Virosols great but the eBay price seems expensive, last I bought it it was £25 for 25 litres and can be used neat and also diluted around the house for general cleaning.
Active F is ok, but nothing special. Have about 4 litres in the garage if someone pays postage can have it for free.

Tim


----------



## Gary-360 (Apr 26, 2008)

Envy Valeting said:


> Virosols great but the eBay price seems expensive, last I bought it it was £25 for 25 litres and can be used neat and also diluted around the house for general cleaning.
> Active F is ok, but nothing special. Have about 4 litres in the garage if someone pays postage can have it for free.
> 
> Tim


I'll give it a go for that price mate


----------



## PETER @ ECLIPSE (Apr 19, 2006)

very very versatile product.
see if you can find a local clover chemical supplier then youll save even more
give them a call and see whos nearest 
http://www.cloverchem.co.uk/uk/distrib_support.htm


----------



## Jakedoodles (Jan 16, 2006)

Be very careful using virosol on wheels mind you - it's PH level is similar to oven cleaner! I have seen reports of customers using it on their wheels and it dulling the finish.


----------



## Bigpikle (May 21, 2007)

Wonderdetail said:


> Be very careful using virosol on wheels mind you - it's PH level is similar to oven cleaner! I have seen reports of customers using it on their wheels and it dulling the finish.

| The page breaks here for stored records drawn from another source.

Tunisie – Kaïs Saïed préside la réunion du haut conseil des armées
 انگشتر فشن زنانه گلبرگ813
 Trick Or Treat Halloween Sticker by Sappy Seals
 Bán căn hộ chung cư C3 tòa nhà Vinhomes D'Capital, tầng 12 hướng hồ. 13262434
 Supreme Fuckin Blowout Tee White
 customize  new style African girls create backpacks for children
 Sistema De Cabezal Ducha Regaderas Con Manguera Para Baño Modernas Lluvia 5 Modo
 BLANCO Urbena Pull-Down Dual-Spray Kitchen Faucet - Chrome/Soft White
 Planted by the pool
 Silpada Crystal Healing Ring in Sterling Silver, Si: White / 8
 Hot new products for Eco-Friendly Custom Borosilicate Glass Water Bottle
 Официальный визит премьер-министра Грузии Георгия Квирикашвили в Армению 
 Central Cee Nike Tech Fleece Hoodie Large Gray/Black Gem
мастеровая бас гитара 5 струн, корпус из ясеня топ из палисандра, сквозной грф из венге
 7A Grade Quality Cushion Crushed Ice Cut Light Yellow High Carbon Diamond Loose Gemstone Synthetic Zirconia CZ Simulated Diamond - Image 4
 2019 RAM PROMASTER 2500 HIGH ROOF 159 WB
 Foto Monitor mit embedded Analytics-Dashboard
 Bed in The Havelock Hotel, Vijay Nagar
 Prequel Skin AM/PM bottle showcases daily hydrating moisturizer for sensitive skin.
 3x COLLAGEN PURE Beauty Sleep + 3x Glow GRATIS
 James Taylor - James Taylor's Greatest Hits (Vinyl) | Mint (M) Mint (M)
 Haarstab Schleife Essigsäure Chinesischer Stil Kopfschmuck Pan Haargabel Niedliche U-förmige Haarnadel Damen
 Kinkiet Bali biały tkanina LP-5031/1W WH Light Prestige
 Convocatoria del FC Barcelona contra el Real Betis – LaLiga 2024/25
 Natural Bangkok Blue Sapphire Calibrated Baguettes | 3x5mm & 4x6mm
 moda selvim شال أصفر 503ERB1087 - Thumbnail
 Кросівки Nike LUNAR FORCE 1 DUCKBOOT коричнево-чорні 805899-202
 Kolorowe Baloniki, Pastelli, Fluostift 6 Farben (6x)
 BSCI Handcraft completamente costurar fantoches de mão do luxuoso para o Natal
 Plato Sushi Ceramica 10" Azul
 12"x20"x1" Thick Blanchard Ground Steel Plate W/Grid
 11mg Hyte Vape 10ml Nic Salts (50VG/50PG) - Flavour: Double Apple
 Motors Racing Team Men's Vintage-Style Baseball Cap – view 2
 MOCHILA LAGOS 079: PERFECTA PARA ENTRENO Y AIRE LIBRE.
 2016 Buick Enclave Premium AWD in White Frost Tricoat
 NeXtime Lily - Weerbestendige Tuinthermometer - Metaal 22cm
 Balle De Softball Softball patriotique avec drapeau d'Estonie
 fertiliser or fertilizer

I remember it being a VERY talked about product early last year on here IIRC, and a few people made comments about its harshness then. Seemed to drop out of favour as products like Smart Wheels and Bilberry became more popular for wheels.

Never tried it personally though, as i was put off it at the time....


----------



## PETER @ ECLIPSE (Apr 19, 2006)

horses for courses as they say ive never used it as a wheel cleaner, but wouldnt be without it


----------



## vindaloo (Jan 5, 2006)

If used regularly on wheels it will completely dull the finish, stick to Bilberry


----------



## Gary-360 (Apr 26, 2008)

I have AS brite wheels, Bilberry and Very Cherry, but one can never have enough as they say


----------



## NickP (Nov 20, 2005)

vindaloo said:


> If used regularly on wheels it will completely dull the finish, stick to Bilberry


Having used it regularly for 5 years, I find that not to be the case


----------



## vindaloo (Jan 5, 2006)

NickP said:


> Having used it regularly for 5 years, I find that not to be the case


You're lucky,maybe you are using a very weak solution, it dulled the finish on some Honda wheels after one wash at 1:8


----------



## m4xmw (Mar 22, 2006)

I`ll echo the good and also bad comments.

Wear gloves as it soaps on contact with your skin and will dry them out.
Its a very concentrated product so dilute correctly.

I bought some and used it as an engine degreaser... worked brilliantly!

I have stopped using it with alloys and now find Bilberry much better.

Mark


----------